• Work instructions:
Copy the records below exactly, leaving out any pictures.

• • •

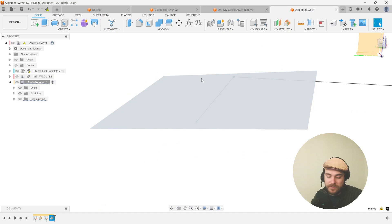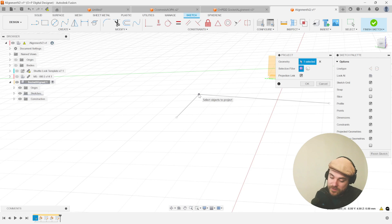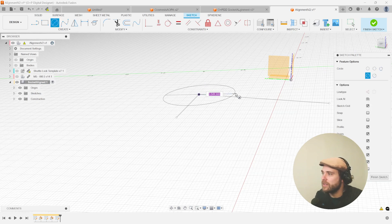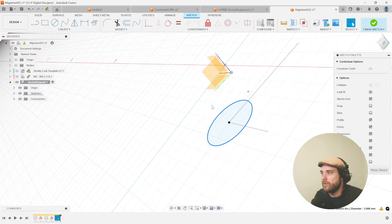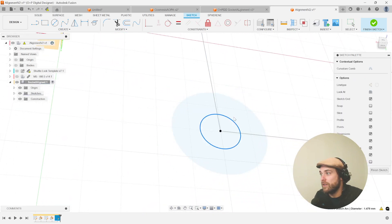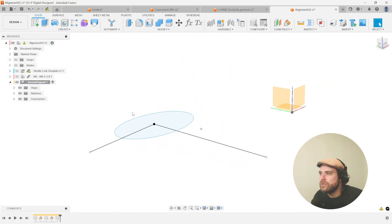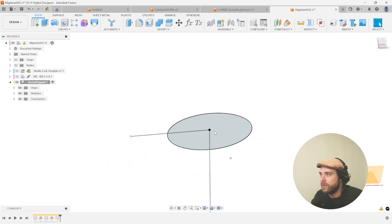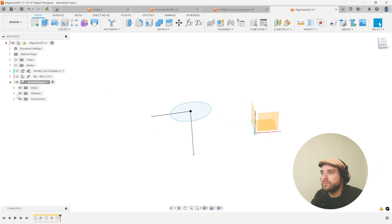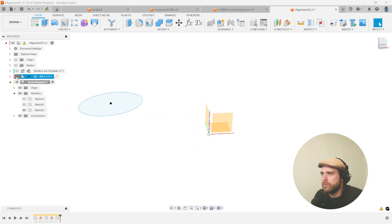Create a sketch on this sagittal plane, hit P to project that initial origin we made, then draw a circle by hitting C. This circle won't affect any geometry — it's just there to help us place a joint. Being able to call upon this circle will make it really easy to do so. Hit finish sketch and we should have a circle off to the side with angles in two different directions. In our sketches we can remove two of them and just keep this remaining circle point.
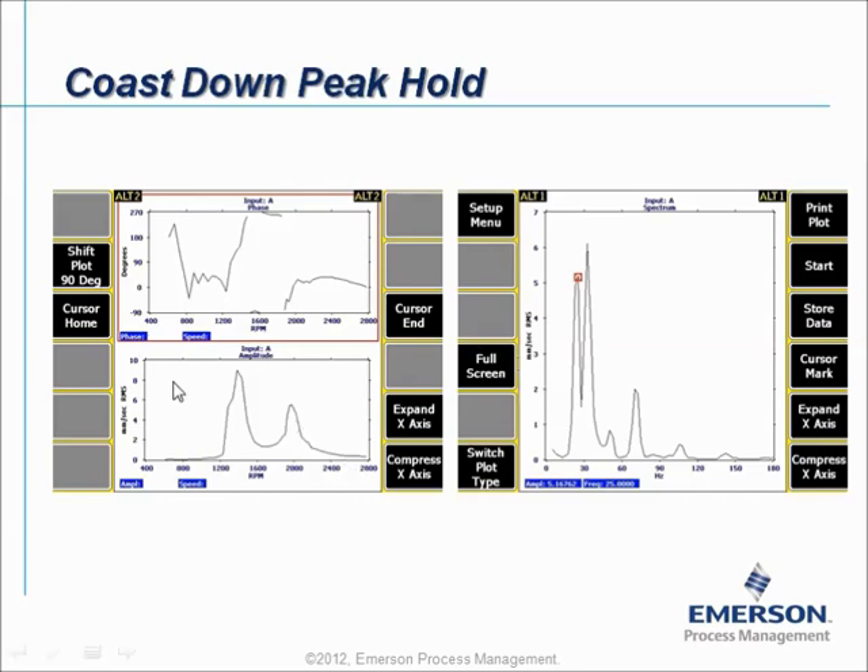What is going on in Coast Down Peak Hold? We will measure run-out of a machine, so you may expect to see a plot like this. However, phase and speed information is not available. So you have purely your vibration measurements. But during the run-out of the machine, the CSI 2140 Machinery Health Analyzer will measure a lot of spectra one after each other as quickly as possible. At the end, when the machine is at zero speed, it will present only one spectrum — a very special spectrum where every frequency line shows the highest amplitude measured for that particular frequency during the run-out. As a result, it shows a peak hold spectrum that reveals your natural frequencies without phase information.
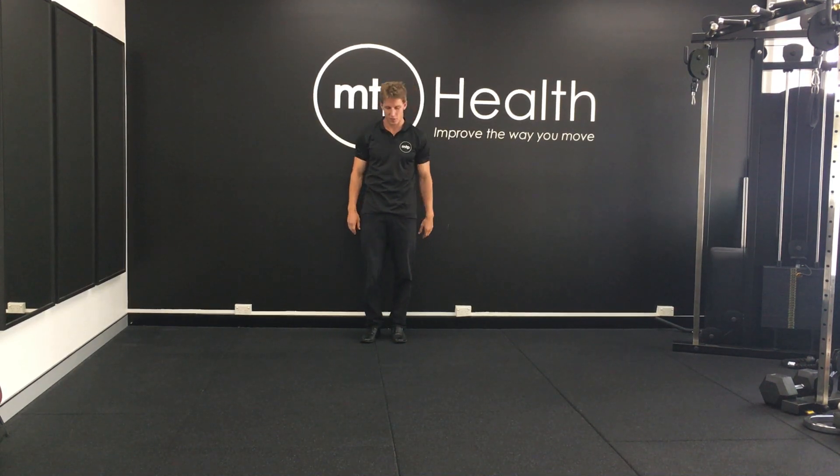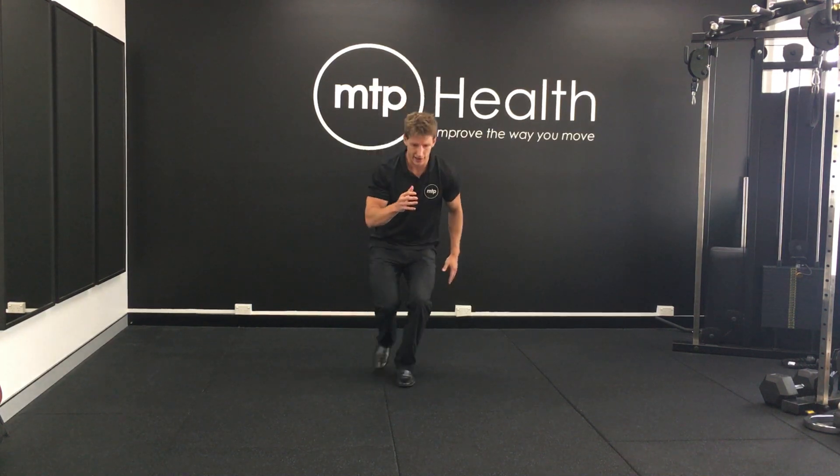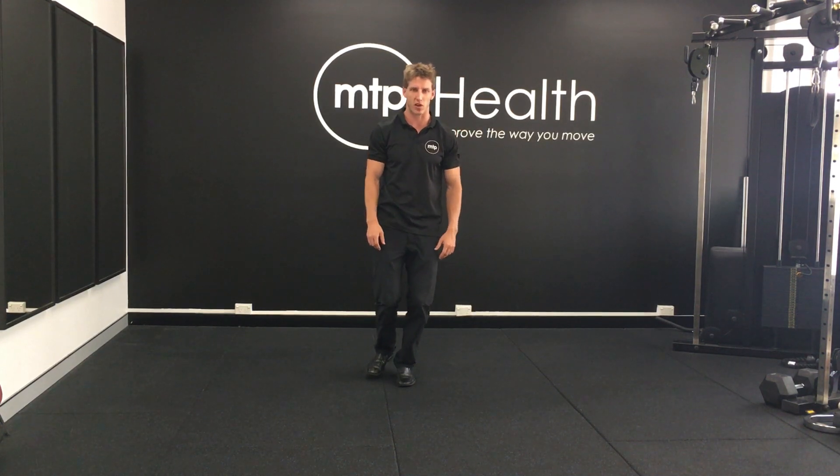Now we're going to do our forward hop. You're going to stand on one leg and come out forward, hop, and land in a nice bent knee position, trying not to let our knee collapse in or tip to the side.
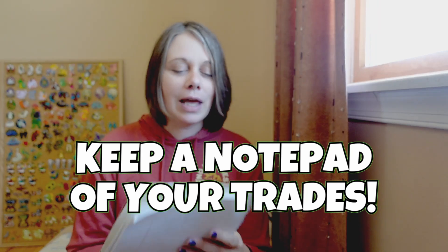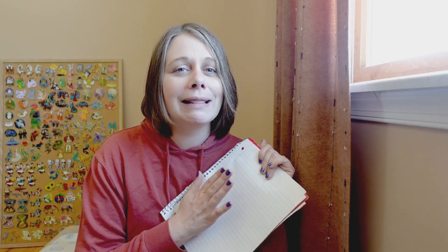I prefer envelopes that have measurements printed on them because I often mail from home, and this ensures I input the right dimensions on the form I fill out online. A bonus tip: keep a notepad of all your trades so you don't forget one. Once your pins arrive, mark them off. I also mark when recipients let me know they've gotten them. I often add a note in my envelopes so recipients know who sent the package and can mark it off on their own notepad.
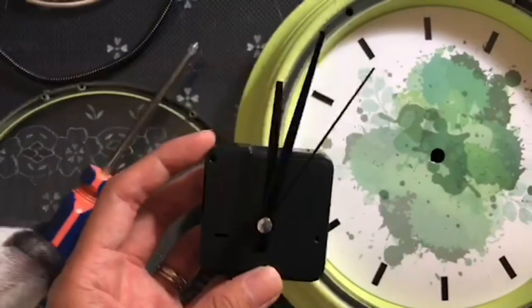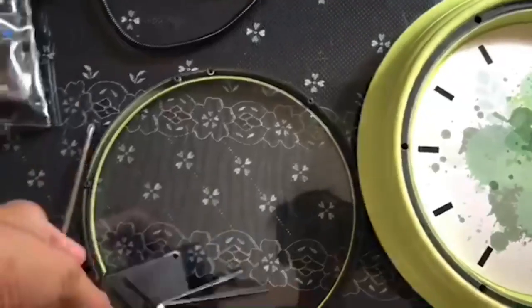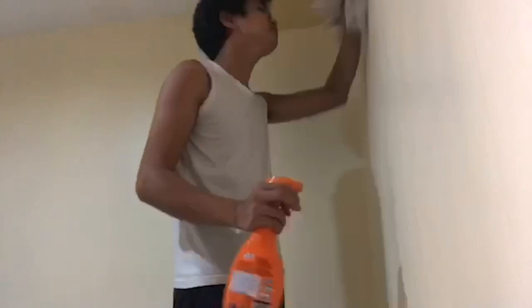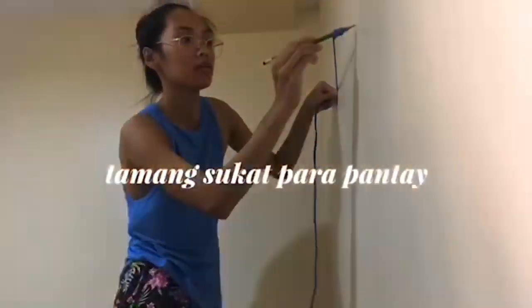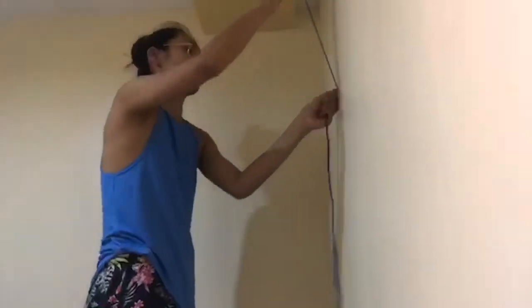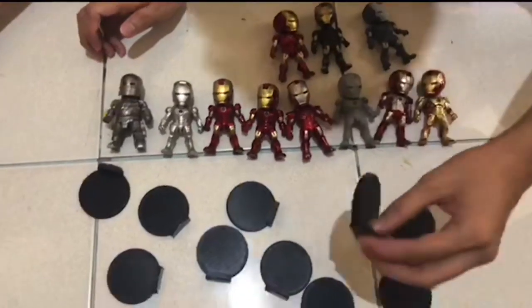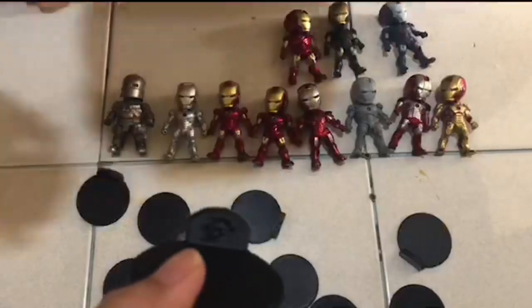So we removed this wall clock. Okay so ito ngayon yung mga gagawin natin — ito yung mga Iron Man collections ko at ito yung pankos stand na gagamitin natin for our wall clock.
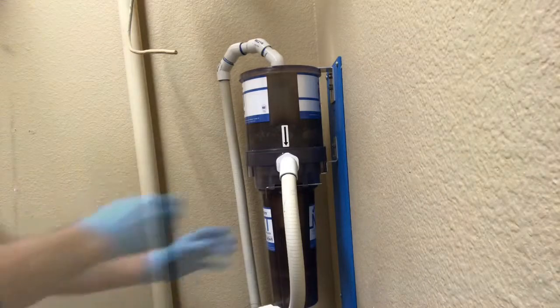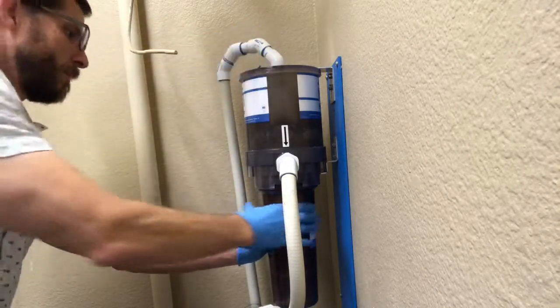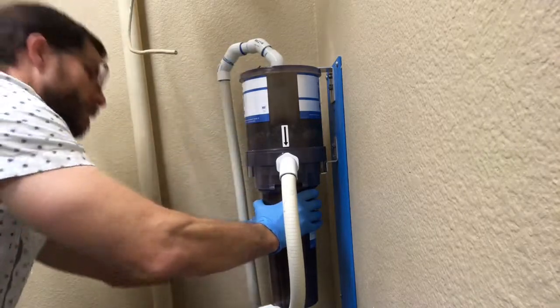Go ahead and set the new canister down, and what you're going to do next is remove these two pins that retain the collection canister into the amalgam separator.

• • •

• Your response:
Create a sketch on this sagittal plane, hit P to project that initial origin we made, then draw a circle by hitting C. This circle won't affect any geometry — it's just there to help us place a joint. Being able to call upon this circle will make it really easy to do so. Hit finish sketch and we should have a circle off to the side with angles in two different directions. In our sketches we can remove two of them and just keep this remaining circle point.
What is going on in Coast Down Peak Hold? We will measure run-out of a machine, so you may expect to see a plot like this. However, phase and speed information is not available. So you have purely your vibration measurements. But during the run-out of the machine, the CSI 2140 Machinery Health Analyzer will measure a lot of spectra one after each other as quickly as possible. At the end, when the machine is at zero speed, it will present only one spectrum — a very special spectrum where every frequency line shows the highest amplitude measured for that particular frequency during the run-out. As a result, it shows a peak hold spectrum that reveals your natural frequencies without phase information.
Now we're going to do our forward hop. You're going to stand on one leg and come out forward, hop, and land in a nice bent knee position, trying not to let our knee collapse in or tip to the side.
I prefer envelopes that have measurements printed on them because I often mail from home, and this ensures I input the right dimensions on the form I fill out online. A bonus tip: keep a notepad of all your trades so you don't forget one. Once your pins arrive, mark them off. I also mark when recipients let me know they've gotten them. I often add a note in my envelopes so recipients know who sent the package and can mark it off on their own notepad.
So we removed this wall clock. Okay so ito ngayon yung mga gagawin natin — ito yung mga Iron Man collections ko at ito yung pankos stand na gagamitin natin for our wall clock.
Go ahead and set the new canister down, and what you're going to do next is remove these two pins that retain the collection canister into the amalgam separator.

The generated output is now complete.